## WHAT IS BEING ASKED
Among the entries below, find the line with "2020 Nissan Rogue SV", then quote it and each following line up to and including the line with "При поддержке руководителя", and nothing else.

## EXCERPTED RECORDS
_ _ _ _ _

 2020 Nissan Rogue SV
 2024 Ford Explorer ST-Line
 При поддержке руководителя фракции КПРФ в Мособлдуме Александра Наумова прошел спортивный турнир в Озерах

_ _ _ _ _

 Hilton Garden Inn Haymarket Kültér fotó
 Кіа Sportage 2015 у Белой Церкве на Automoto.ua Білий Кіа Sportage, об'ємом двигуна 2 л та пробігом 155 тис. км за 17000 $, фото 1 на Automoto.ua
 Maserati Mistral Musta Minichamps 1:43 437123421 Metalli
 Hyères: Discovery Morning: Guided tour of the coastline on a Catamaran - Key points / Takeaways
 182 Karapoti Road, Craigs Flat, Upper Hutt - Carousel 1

_ _ _ _ _

## ANSWER SPACE
 2020 Nissan Rogue SV
 2024 Ford Explorer ST-Line
 При поддержке руководителя фракции КПРФ в Мособлдуме Александра Наумова прошел спортивный турнир в Озерах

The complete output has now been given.